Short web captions
··········
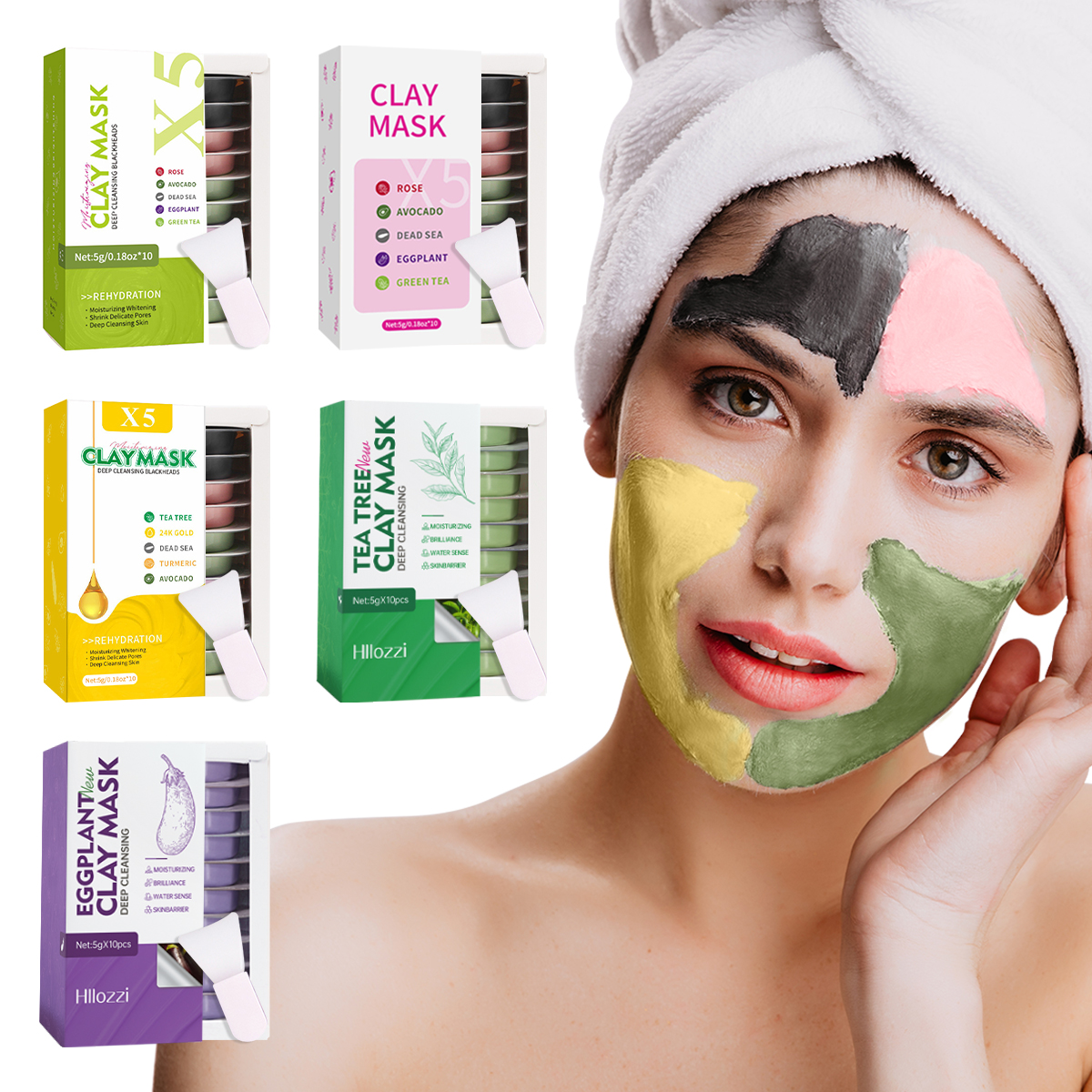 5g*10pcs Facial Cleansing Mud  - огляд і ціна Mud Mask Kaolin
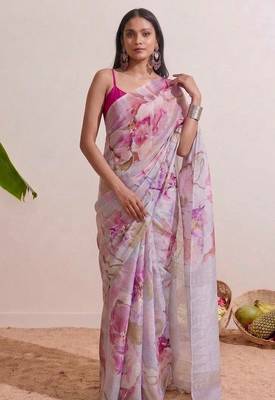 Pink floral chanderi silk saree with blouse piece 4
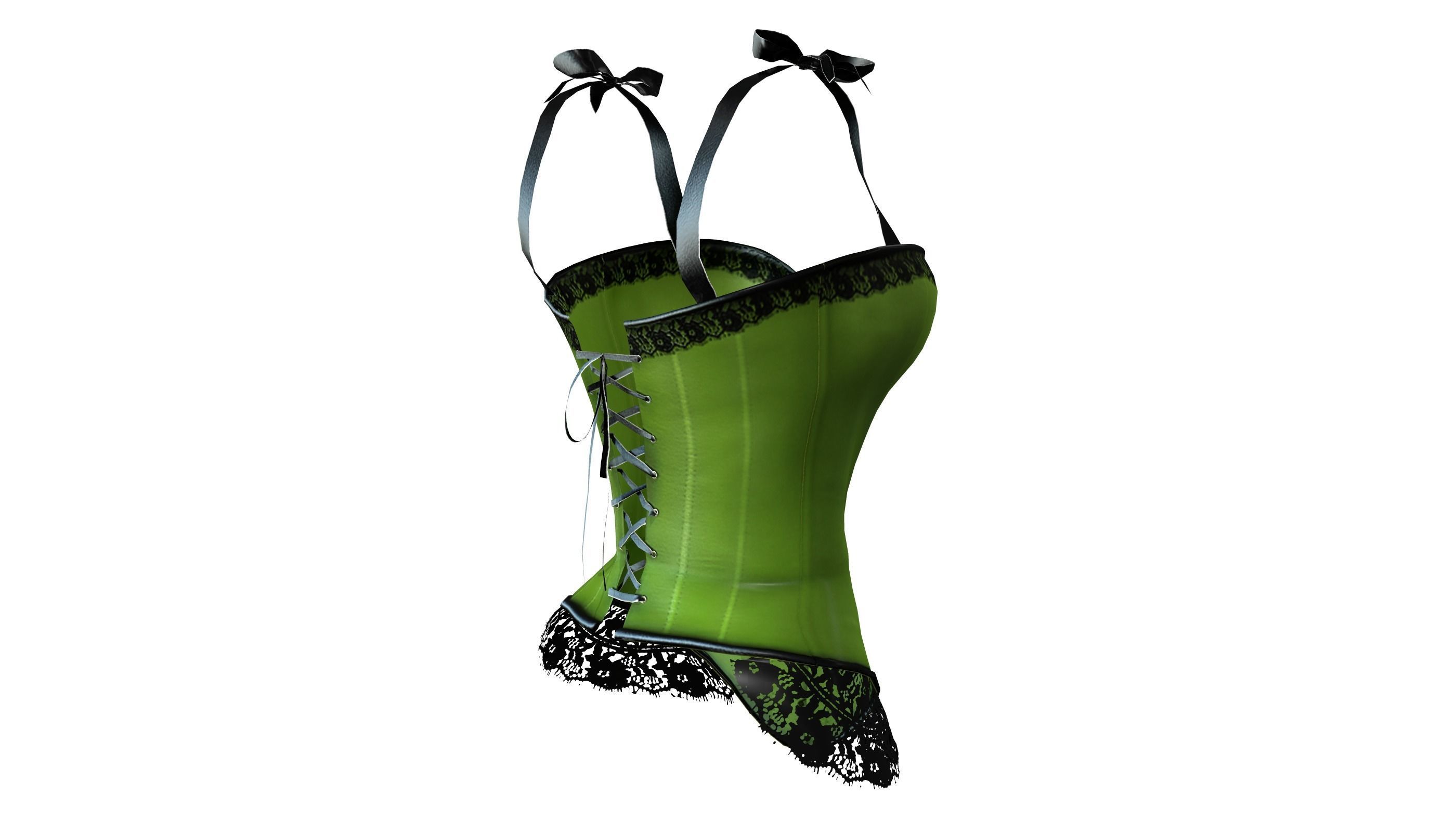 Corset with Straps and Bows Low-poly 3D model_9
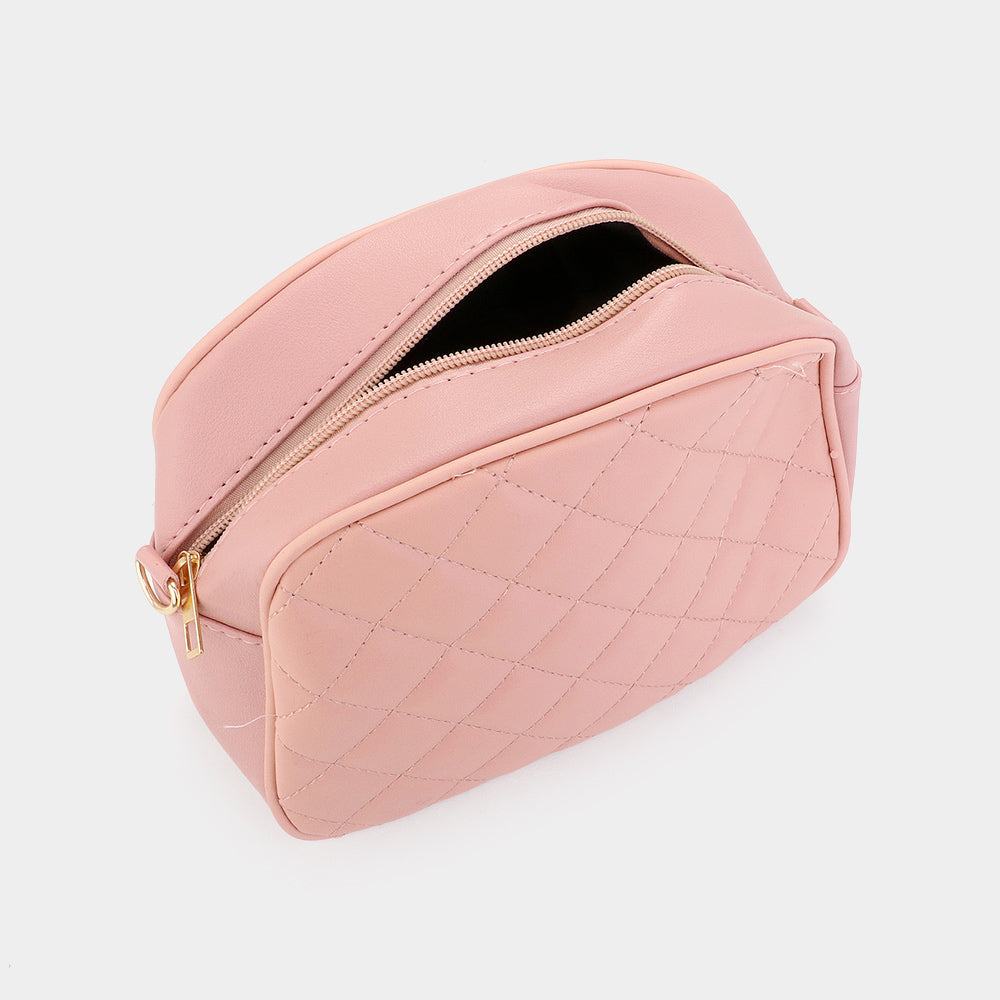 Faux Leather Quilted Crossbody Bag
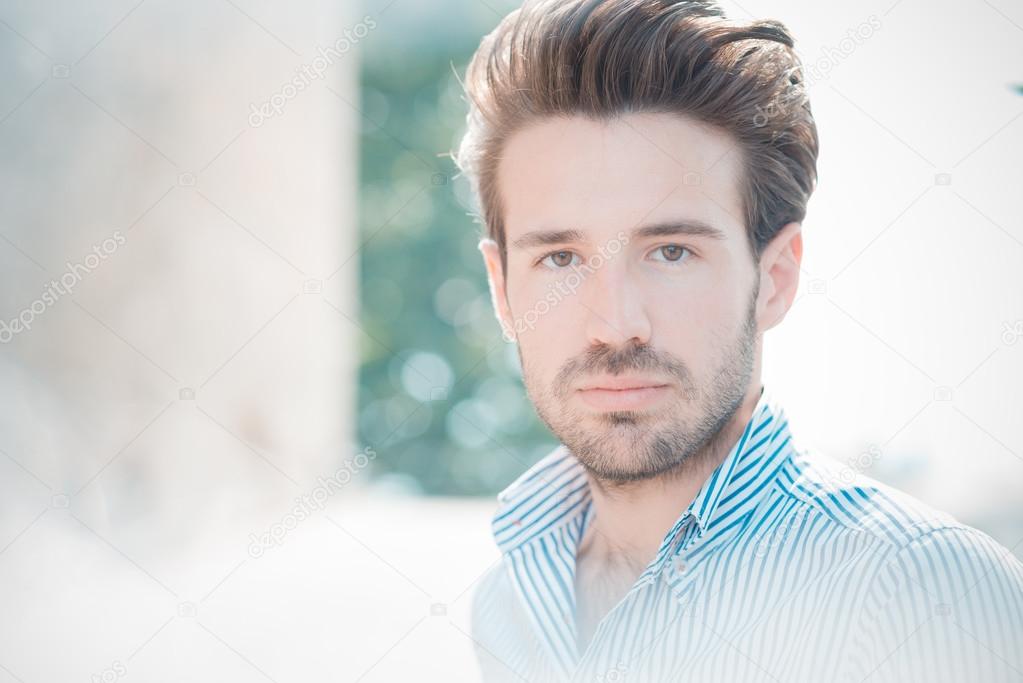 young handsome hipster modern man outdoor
··········
**YOUR GOAL**: Leaving out the pictures, repeat the data above exactly.

**RESULT BELOW**:
 5g*10pcs Facial Cleansing Mud  - огляд і ціна Mud Mask Kaolin
 Pink floral chanderi silk saree with blouse piece 4
 Corset with Straps and Bows Low-poly 3D model_9
 Faux Leather Quilted Crossbody Bag
 young handsome hipster modern man outdoor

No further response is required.